The line containing "11506 LIGHT LN, SPOTSYLVANIA, Virginia" marks the start, and the last line of the records below marks the end. Print that run exactly and nothing else.

### THE INPUT ###

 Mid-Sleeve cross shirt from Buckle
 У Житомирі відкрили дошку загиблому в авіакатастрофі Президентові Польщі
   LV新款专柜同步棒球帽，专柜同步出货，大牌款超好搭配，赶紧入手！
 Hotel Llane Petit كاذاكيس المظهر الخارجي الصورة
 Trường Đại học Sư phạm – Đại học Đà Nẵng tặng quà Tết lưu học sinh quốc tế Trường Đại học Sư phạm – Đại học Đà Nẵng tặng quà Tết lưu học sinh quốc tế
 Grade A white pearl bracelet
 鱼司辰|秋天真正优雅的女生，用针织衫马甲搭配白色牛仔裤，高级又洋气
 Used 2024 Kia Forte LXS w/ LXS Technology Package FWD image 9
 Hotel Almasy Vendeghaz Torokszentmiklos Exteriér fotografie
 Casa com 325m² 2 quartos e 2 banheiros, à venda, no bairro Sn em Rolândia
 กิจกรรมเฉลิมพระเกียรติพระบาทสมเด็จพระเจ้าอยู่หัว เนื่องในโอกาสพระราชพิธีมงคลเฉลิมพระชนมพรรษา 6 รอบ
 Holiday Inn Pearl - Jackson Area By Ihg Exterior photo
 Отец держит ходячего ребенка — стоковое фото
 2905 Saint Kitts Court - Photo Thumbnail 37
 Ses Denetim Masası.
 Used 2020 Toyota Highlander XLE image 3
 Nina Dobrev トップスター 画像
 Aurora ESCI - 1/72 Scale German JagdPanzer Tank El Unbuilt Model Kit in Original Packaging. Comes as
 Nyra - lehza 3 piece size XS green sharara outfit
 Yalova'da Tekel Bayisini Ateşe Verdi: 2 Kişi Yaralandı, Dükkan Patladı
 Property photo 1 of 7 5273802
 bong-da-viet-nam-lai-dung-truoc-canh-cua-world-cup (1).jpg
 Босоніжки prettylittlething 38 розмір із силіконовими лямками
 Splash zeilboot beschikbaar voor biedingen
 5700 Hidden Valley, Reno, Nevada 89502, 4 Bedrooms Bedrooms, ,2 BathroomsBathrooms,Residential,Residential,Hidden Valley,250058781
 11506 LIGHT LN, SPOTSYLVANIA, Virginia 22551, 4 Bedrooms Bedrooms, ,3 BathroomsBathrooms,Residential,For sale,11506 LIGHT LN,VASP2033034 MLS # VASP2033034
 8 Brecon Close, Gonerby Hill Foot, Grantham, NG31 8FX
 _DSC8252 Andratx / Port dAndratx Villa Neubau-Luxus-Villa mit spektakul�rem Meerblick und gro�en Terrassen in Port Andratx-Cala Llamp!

###

RESPONSE BOX:
 11506 LIGHT LN, SPOTSYLVANIA, Virginia 22551, 4 Bedrooms Bedrooms, ,3 BathroomsBathrooms,Residential,For sale,11506 LIGHT LN,VASP2033034 MLS # VASP2033034
 8 Brecon Close, Gonerby Hill Foot, Grantham, NG31 8FX
 _DSC8252 Andratx / Port dAndratx Villa Neubau-Luxus-Villa mit spektakul�rem Meerblick und gro�en Terrassen in Port Andratx-Cala Llamp!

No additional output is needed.